If the vortices are the problem and the fastback shape is otherwise known to have more potential for reducing drag and lift when undertrays, diffusers, spoilers, and fins are used, then why not explore reducing the vortices off the pillars by tapering and radiusing the fastback's full rear body contours more? We might be able to get Cd possibly under 0.20 and lower lift too.

That kinda is a description of the XL1, which even narrowed the rear track. The XL1 was speed limited possibly because of higher lift over 100 MPH. But lift at high speeds could be dealt with through other optimizations or active aero. We'd have an ultra low drag body and no lift problems at 150 MPH.
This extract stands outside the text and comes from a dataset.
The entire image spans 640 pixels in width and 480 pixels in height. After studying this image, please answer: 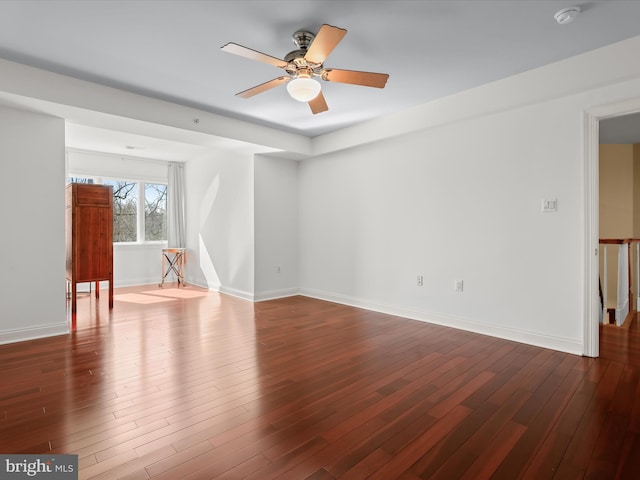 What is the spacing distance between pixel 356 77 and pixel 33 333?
4.05 meters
I would love to find a contemporary study in automotive aerodynamics where some grad student tests an abductively reasoned thesis like this.

Here again is the link to the article (I previously posted it in post #58):
https://ecomodder.com/forum/showthre...tml#post630095
A properly contoured fastback would respect the degree of pressure regain tolerable to the turbulent boundary layer, so as to prevent triggering separation. That's it's job.Nothing more. And there'd be no attached longitudinal vortices.
Speed-limiting the XL1 may have had to do with what a major automaker had to say about their Cd 0.25 car of the 1960s , which never made it into production.
The argument was that, if you lower drag, the speed increases, then you need bigger brakes to stop it, better and bigger tires to withstand the braking, which increases loads on the chassis, which now needs to be beefed up to withstand the greater stresses, which adds weight, requiring more horsepower, in a never-ending spiral.
The first solution came in overdriving. By putting such tall gearing, say in 3rd, 4th, and 5th gear, the engine would never be allowed to reach a torque which would support an unacceptable speed. My CRX was engineered this way. The rpm splits between gears are so high, the engine just falls on its face shifting to a higher gear. My 1st-gen Insight is the same. Your stuck in 3rd gear.
Today, electronic fuel injection will just shut off fuel delivery at any predetermined set point a carmaker likes.
Somewhere there's an unregulated top speed published for the XL1. I want to say that it was 112-mph, but I'd want to check.
It's very easy to kill front lift with an airdam. Rear lift on the BEETLE was zero. I'd be very surprised if the XL1 had significant rear lift at all. Even if it were 'neutral' the diffuser could produce enough downforce for stability, as in the D-B, M-B C-111 III of 1978, which was running in the 250-mph range.